History examines the past to understand the present.New Zealand history belongs in a wider global context.
The study of history at HVHS encompasses events occurring in New Zealand and/or global events involving or influencing New Zealanders. Themes covered include: Protest and change (Yr.11);
Fight for freedom (Yr.12) and Turning points (Yr.13).
History fires students’ curiosity and imagination It invites them to ask, and helps them answer, today’s questions by engaging with the past and imagining and speculating on possible futures.
History presents students with the dilemmas, choices, and beliefs of people in the past.
It connects students with the wider world as they develop their own identities and sense of place.
Students engage with history at personal, local, and international levels. They investigate the histories of their communities, New Zealand, and the wider world.
History is a research-led discipline History encourages an informed understanding of the origins of our diverse society in New Zealand.
An awareness of history inspires students to become confident, questioning, and empathetic individuals.
History prepares students for the future
It equips them with knowledge and skills that are valuable and useful throughout life. These include
- research techniques, the skills needed to process and synthesise varied and complex information,
- the skills needed to give clear and effective oral and written reasoning. The ability to think critically and articulate ideas are of central importance in the modern world.
With these skills, students enhance their employ-ability and are able to participate actively and critically in their societies.
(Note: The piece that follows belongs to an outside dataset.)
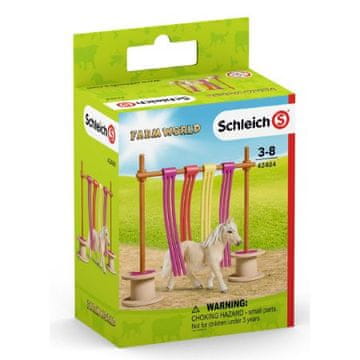 Schleich 42484 set zavjesa s lepršavim konjićem iz Farm Worlda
In Classical Studies we learn about the ancient societies of Greece and Rome by studying their literature, history, works of art and architecture and their social lives. The Iliad and the Odyssey by Homer, and the Aeneid by Virgil are examples of the literature students might read and study. Myths and legends are also interesting sources which provide a way of looking at the thinking of ancient peoples. We look at buildings such as the temple on the Acropolis, the Parthenon, or the theatre at Epidaurus to earn about the Greeks, and the Colosseum and the Pantheon to learn about the Romans. We might study triumphal arches or columns, aqueducts and baths, or perhaps the houses and paintings in them at Pompeii. Wars such as those between the Greeks and the Persians, or the
Olympic Games, or the eruption of Mt Vesuvius are events which helped shape our world, and might be investigated. Great leaders like Julius Caesar or Perikles, or Augustus or thinkers such as Socrates are all topics that could be chosen by the teacher to help students understand where we came from and how our lives and communities have been influenced by these two ancient societies.